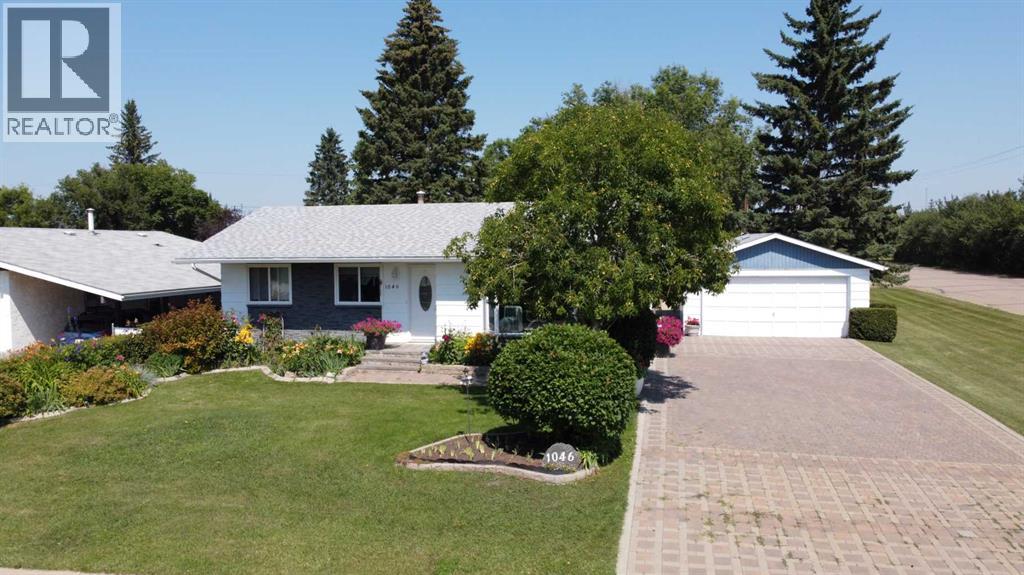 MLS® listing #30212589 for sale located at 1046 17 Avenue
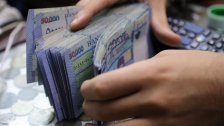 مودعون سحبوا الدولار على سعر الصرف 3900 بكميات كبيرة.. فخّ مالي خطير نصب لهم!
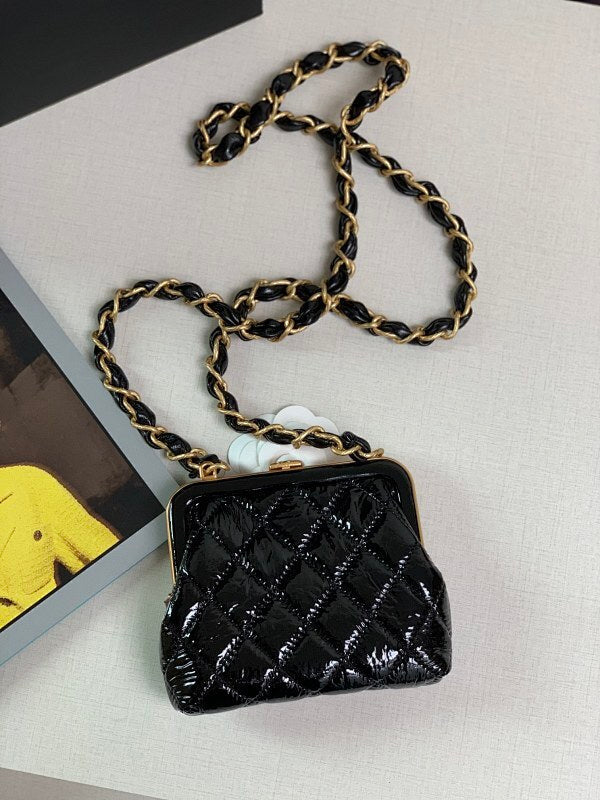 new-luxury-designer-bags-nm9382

__Work order__: Copy out all of the listing word for word, but skip the images.

__Reply__:
 MLS® listing #30212589 for sale located at 1046 17 Avenue
 مودعون سحبوا الدولار على سعر الصرف 3900 بكميات كبيرة.. فخّ مالي خطير نصب لهم!
 new-luxury-designer-bags-nm9382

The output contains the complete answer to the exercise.